This guest post is by Laura Derrico, a member of our Channel Marketing Department and mom to an almost 4 year old boy, “the bubz.” Laura talks about a parent’s experience in dealing with a child’s independence.
When you first bring your child into this world, you want to shelter your baby and keep them away from harm, you want them to dream big, you want them to be happy, you hope they won’t have to experience being picked last in a ball game or left behind. You want to be there with them but let them go at the same time.
This morning I was at the park with “the bubz” and we were doing our normal thing; I sit and watch- he runs around, he coaxes me to climb up the playground fixtures where I clearly do not fit and we laugh. I climbed down to grab some water for us and I look up and he is climbing this spiral climb thing that, until now, he has been terrified to go near (frankly, so have I and I certainly have not encouraged him to climb it, either). He continues to climb, determined, excited. He reaches the top and I am in awe. When he realized that he had reached the top, he jumped up and down and smiled so large and screamed “yay, I am a big boy now, mommy”- let me just tell you, the amount of pride, happiness and sadness that filled my heart was overwhelming.
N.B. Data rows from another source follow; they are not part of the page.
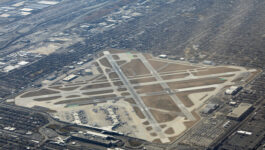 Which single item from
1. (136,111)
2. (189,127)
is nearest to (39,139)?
(136,111)

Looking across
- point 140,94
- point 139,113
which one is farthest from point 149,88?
point 139,113

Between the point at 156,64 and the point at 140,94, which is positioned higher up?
the point at 156,64

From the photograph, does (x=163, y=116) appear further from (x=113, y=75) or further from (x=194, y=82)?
(x=113, y=75)

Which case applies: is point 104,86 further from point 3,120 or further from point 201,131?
point 201,131

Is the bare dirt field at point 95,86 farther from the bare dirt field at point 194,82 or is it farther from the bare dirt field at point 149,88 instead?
the bare dirt field at point 194,82

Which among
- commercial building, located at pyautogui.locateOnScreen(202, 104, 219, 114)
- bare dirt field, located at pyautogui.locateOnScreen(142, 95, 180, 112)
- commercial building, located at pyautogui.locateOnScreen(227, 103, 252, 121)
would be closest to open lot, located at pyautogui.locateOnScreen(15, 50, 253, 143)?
bare dirt field, located at pyautogui.locateOnScreen(142, 95, 180, 112)

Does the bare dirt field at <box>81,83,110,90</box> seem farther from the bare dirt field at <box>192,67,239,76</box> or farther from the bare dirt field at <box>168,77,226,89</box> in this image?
the bare dirt field at <box>192,67,239,76</box>

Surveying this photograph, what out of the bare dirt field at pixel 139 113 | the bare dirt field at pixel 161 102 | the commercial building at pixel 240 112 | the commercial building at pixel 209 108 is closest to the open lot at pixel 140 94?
the bare dirt field at pixel 161 102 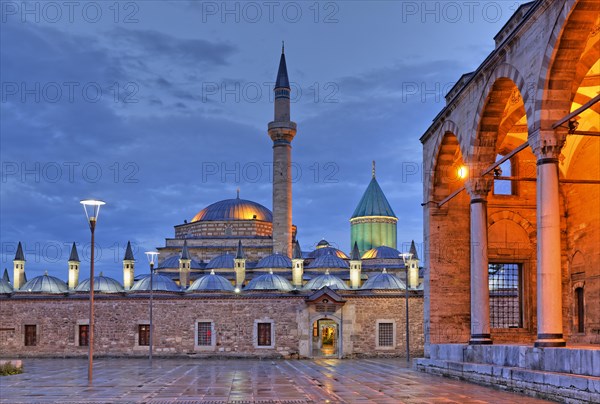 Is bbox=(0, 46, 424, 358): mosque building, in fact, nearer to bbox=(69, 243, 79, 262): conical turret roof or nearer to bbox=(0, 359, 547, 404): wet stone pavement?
bbox=(69, 243, 79, 262): conical turret roof

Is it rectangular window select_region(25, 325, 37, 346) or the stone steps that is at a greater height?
the stone steps

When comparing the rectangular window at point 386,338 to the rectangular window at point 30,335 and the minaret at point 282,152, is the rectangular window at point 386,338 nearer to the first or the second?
the rectangular window at point 30,335

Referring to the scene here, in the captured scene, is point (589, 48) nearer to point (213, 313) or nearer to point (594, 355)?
point (594, 355)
I now know that he is strong enough to climb small mountains, to see he now knows how to accomplish small feats- (so huge for him, I know)…but what got me the most is that he no longer needs my hand or that extra push to get him to the top- he can do it by himself. I have been teary-eyed all day since then. Again, as a parent, you want your little ones to be able to accomplish wonderful things on their own, but when you see that you can sit the sidelines and they’re ok…there is that happiness, but a little bit of sadness too.